Erdoğan, Dolmabahçe Saray’ında sanatçılarla iftar programında konuştu. İftar programına Orhan Gencebay, Bülent Ersoy, Hülya Avşar, Hakan Ural, Hülya Koçyiğit, Demet Akalın ve eşi Okan Kurt gibi isimler katıldı. Erdoğan, buradaki hitabında "Esasen sanatçı toplumun aynasıdır. Toplumun birikimi, zevki, derdi, hayali sanatçısını biçimlendirir, yönlendirir" ifadelerini kullandı.

"DAİMA SANATILARIMIZIN YANINDA YER ALDIK, YER ALMAYI SÜRDÜRECEĞİZ"

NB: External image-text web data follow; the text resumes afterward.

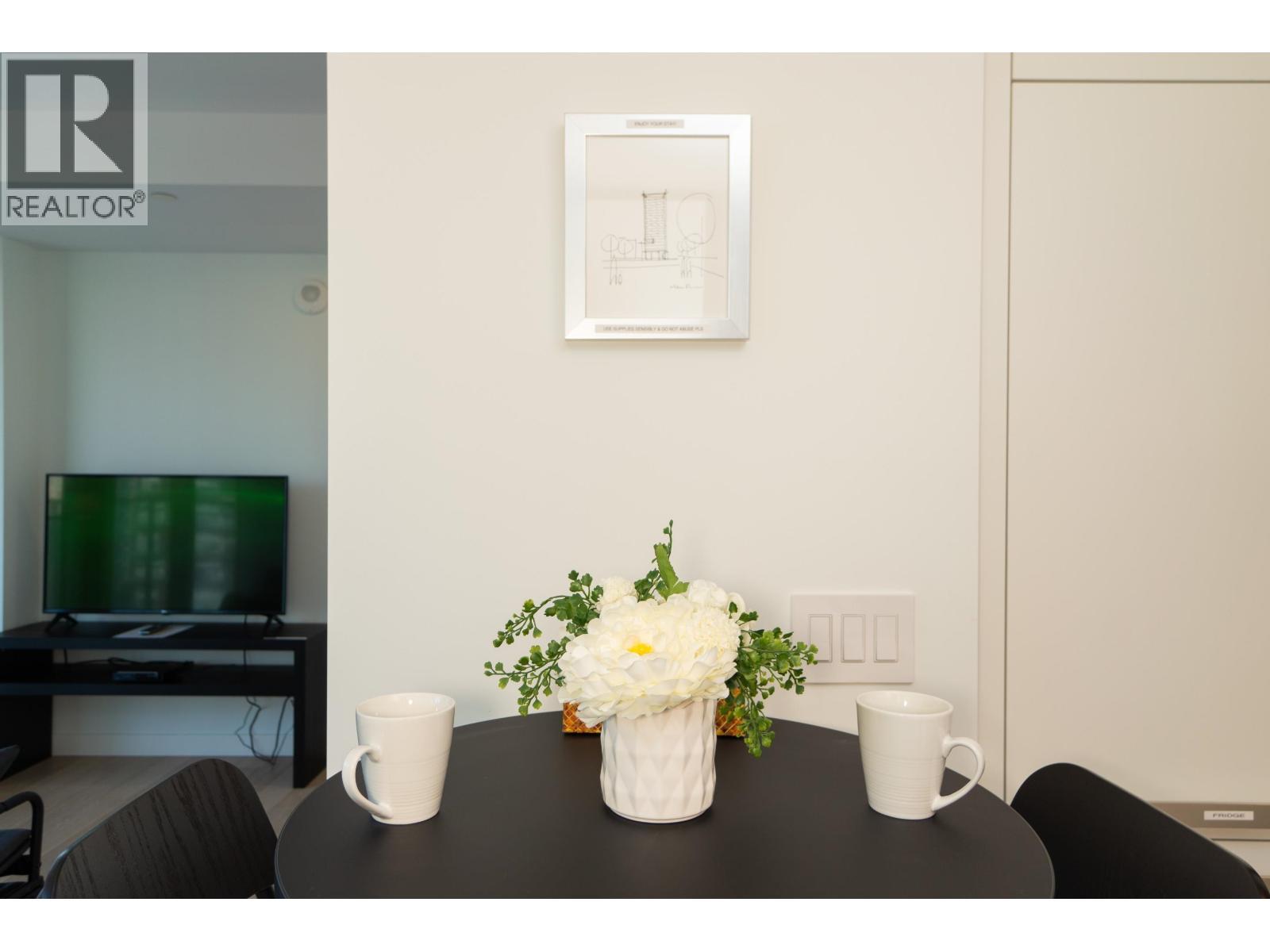 2010 1480 Howe Street, Vancouver, BC - Indoor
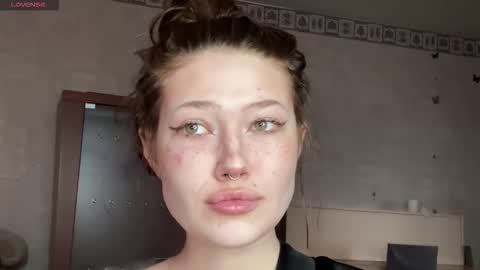 eva varnerr online show from March 5, 2:35 pm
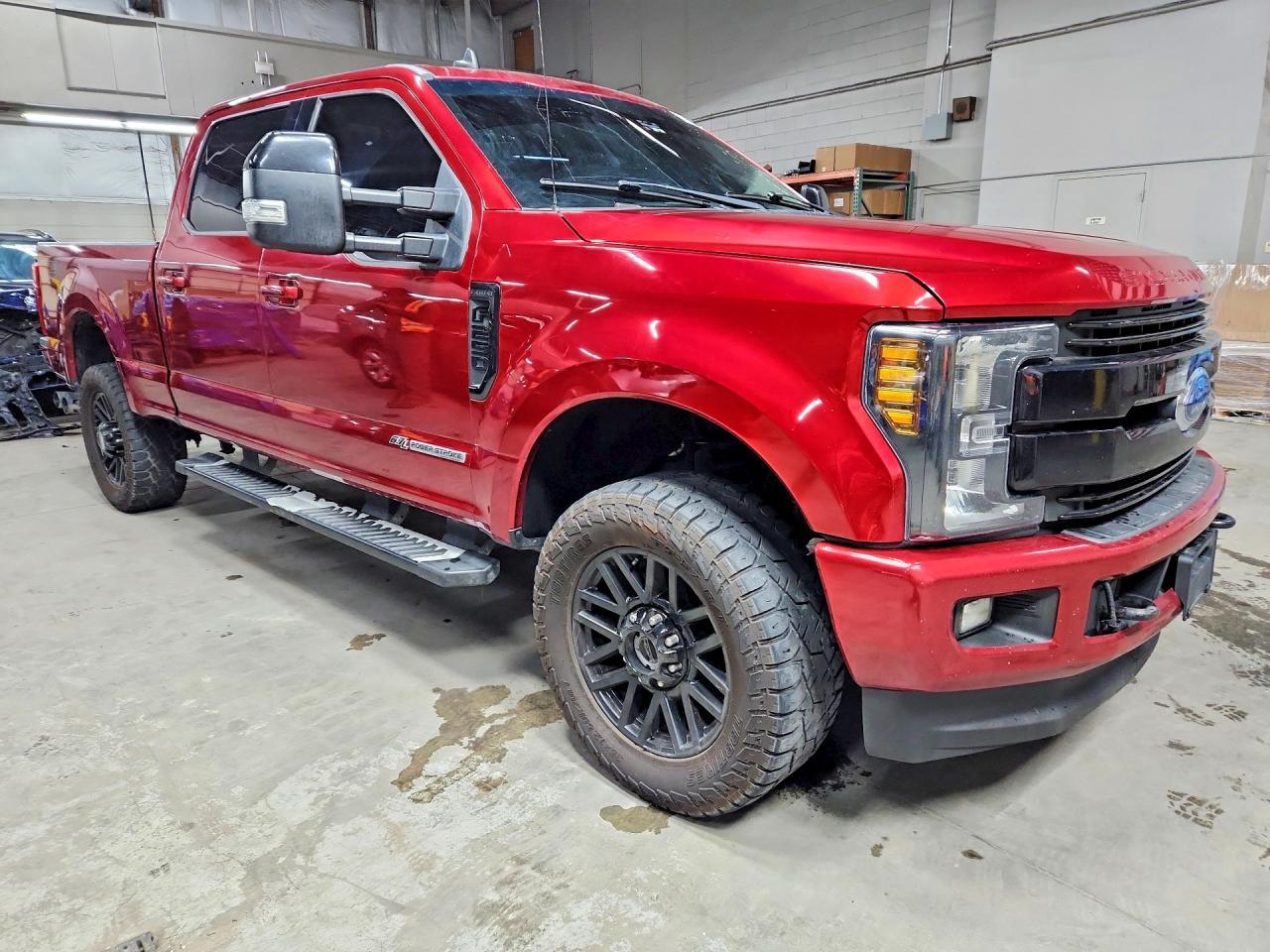 2019 Ford F250 Super Duty - Фото 4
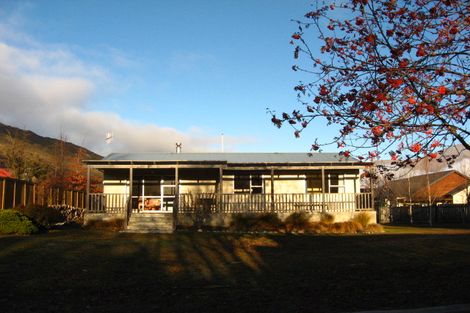 Photo of property in 5 Elva Dawson Place, Arrowtown, 9302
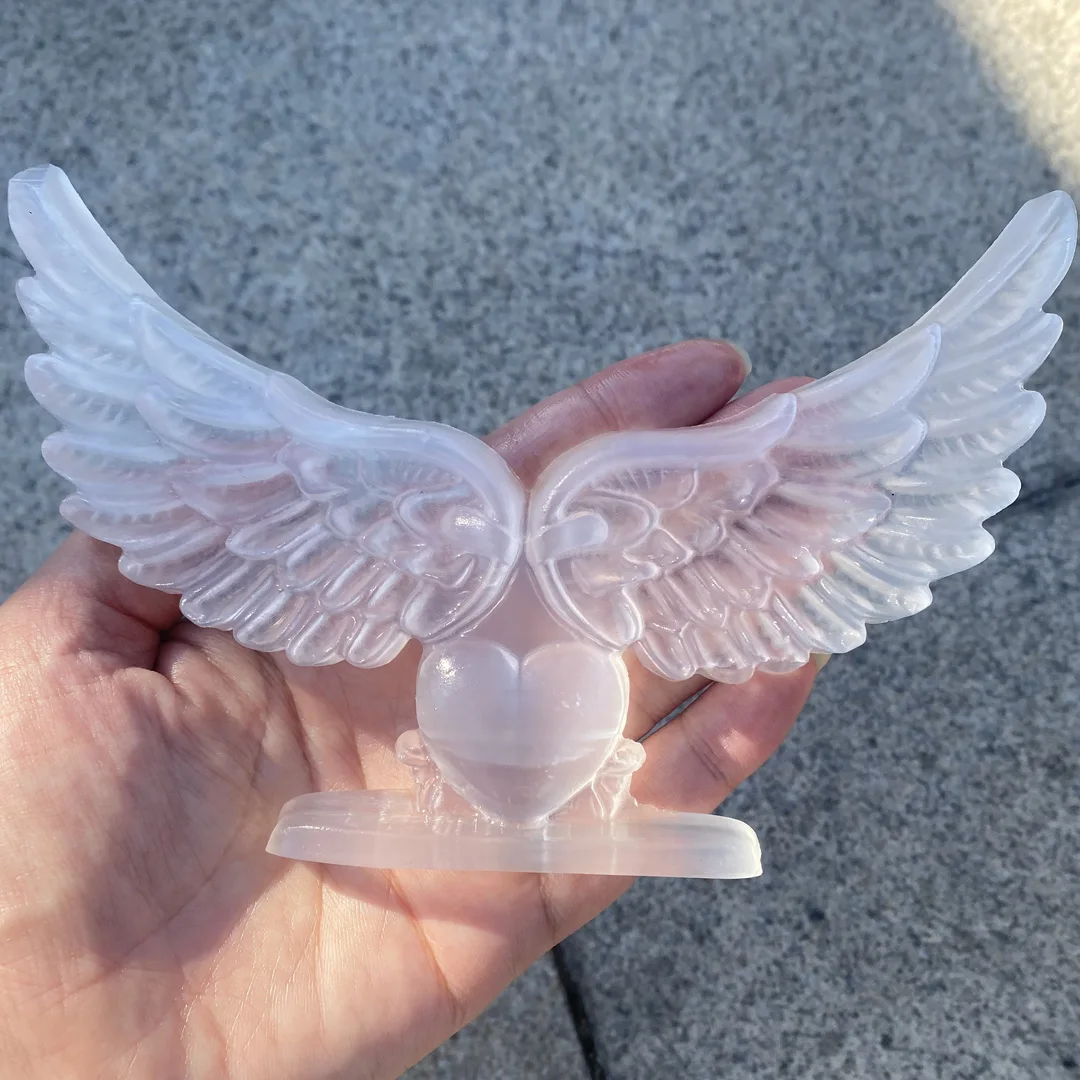 

Beautiful Natural Crystal Healing Stone Crafts White Selenite Statue Cavring Angel Love Wings Home Decorations Mineral Gift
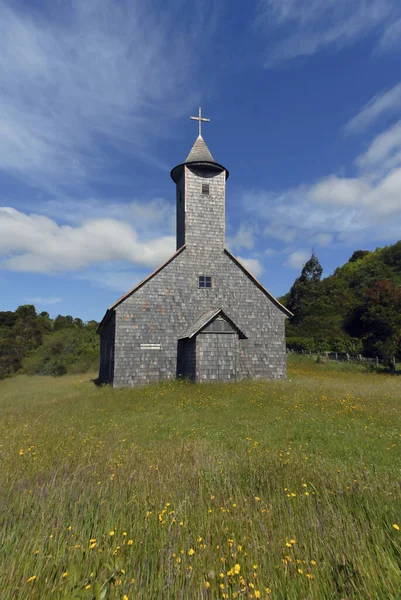 緑の木々に囲まれた小さな教会の美しい景色 — ストック写真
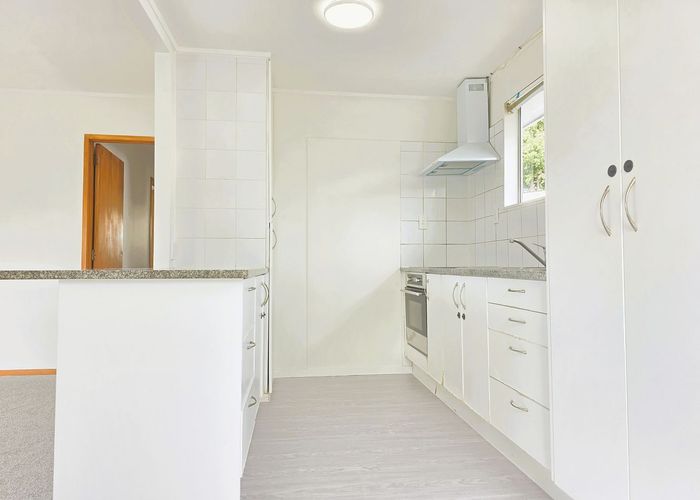  at 7 Garton Drive, Massey, Waitakere City, Auckland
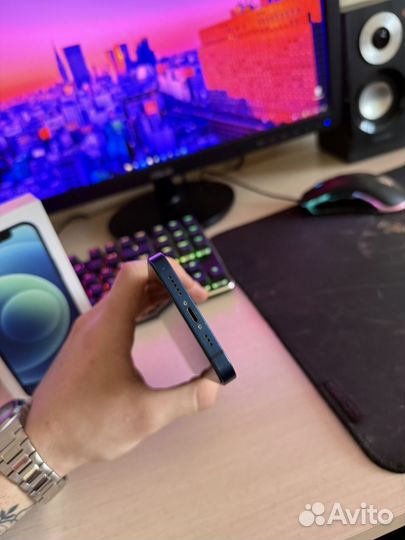 iPhone 12, 64 ГБ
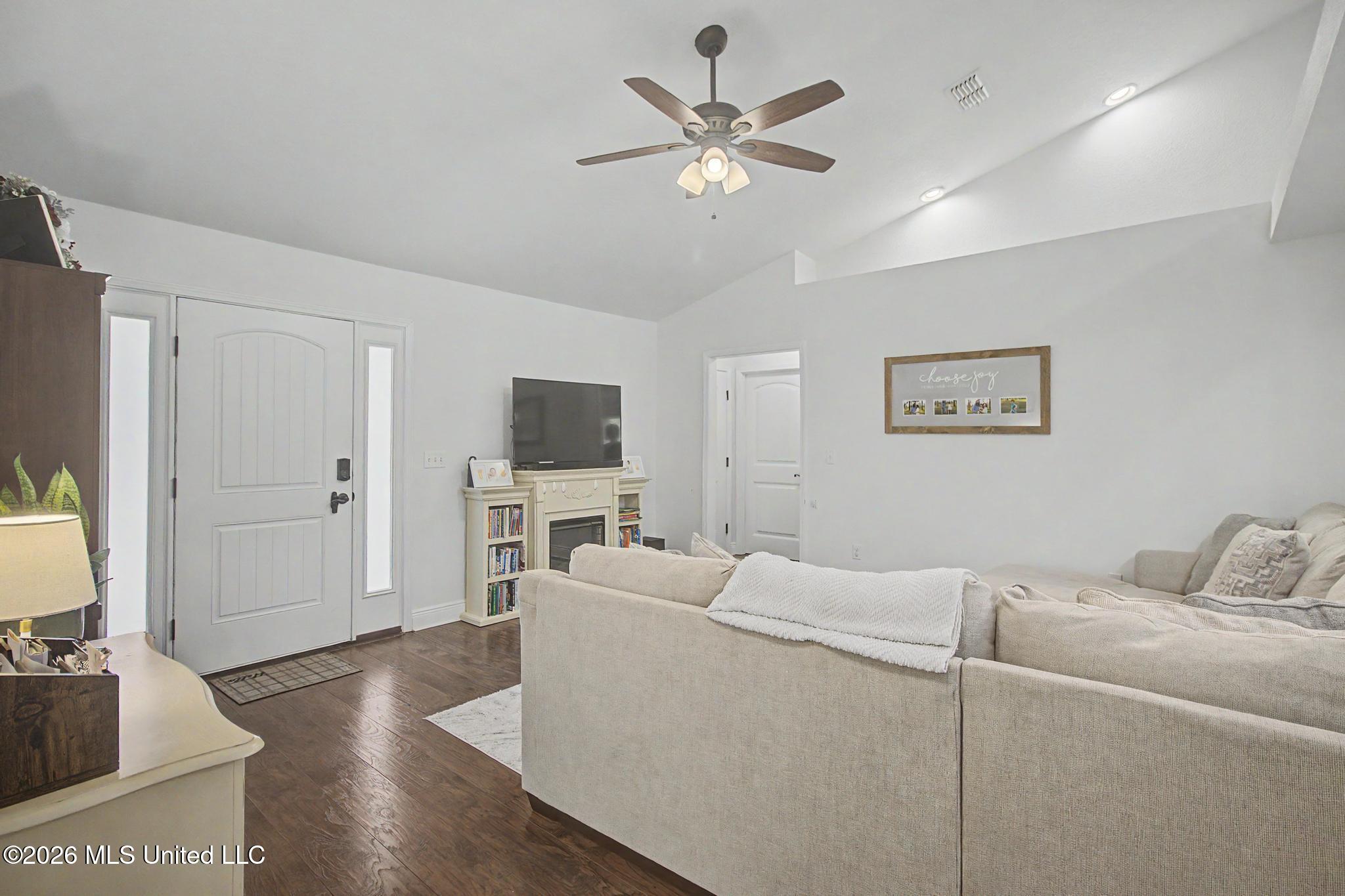 57 Summit View Drive Perkinston, MS 39573 - Photo 5 of 22 13_51326 57 Summit View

Erdoğan'ın açıklamalarından kesitler  : 

  • Gelişme yolunda ilerleyen toplumları birbirinden ayıran özgün şeklini en belirgin şekilde ortaya koyan fark mimariden müziğe geniş bir yelpazeye yayılan kültür sanat ürünleridir. Dolayısıyla kültür insanları ve sanatçılar toplumların kendi renklerini oluşturabilmeleri ve bunun da ötesinde bunu tüm dünyaya yansıtabilmelerini sağlayan medeniyet lokomotifleridir. 
     
  • Sanatçılarımız icra ettikleri sanat dalının ötesinde önemli bir sorumluluğun sahibidirler. Esasen sanatçı toplumun aynasıdır. Toplumun birikimi, zevki, derdi, hayali sanatçısını biçimlendirir, yönlendirir. Türkiye bir dönemine damga vuran geçmişiyle bağlarını tümüyle kopartma anlayışının en büyük bedellerinden birini kültür ve sanat alanında ödemiştir. Közün üzerine ne kadar toprak atarsanız atın maya sağlamsa içten içe yanmayı sürdürür. Milletimiz de sanatına, sanatçısına, kültür ürünlerine sahip çıkarak bu yıkıcı ve kurak dönemi aşmasını bilmiştir. 
     
  • Biz de verdiğimiz desteklerle daima sanatçılarımızın yanında yer aldık, yer almayı sürdüreceğiz. Korsanla mücadeleden telife, tiyatrodan sinemaya kadar verdiğimiz desteklerle sanatçılarımızın emeğine sahip çıkıyoruz. Ankara'da Cumhurbaşkanlığı Senfoni Orkestrası'nı yeni binasını, İstanbul'da Atatürk Kültür Merkezi'ni hizmete açarak ülkemize dünya çapında sanat merkezlerini kazandırdık. Büyük ve güçlü Türkiye'nin inşasında en hayatı görevlerden biri artık sanatçılarımıza düşüyor. Kültür ve sanatla taçlandırılmamış bir kalkınma hamlesi sadece taştan, demirden, metalden ibaret kalır. Halbuki biz kuru kuruya bir kalkınma hamlesi değil medeniye ihyası peşindeyiz.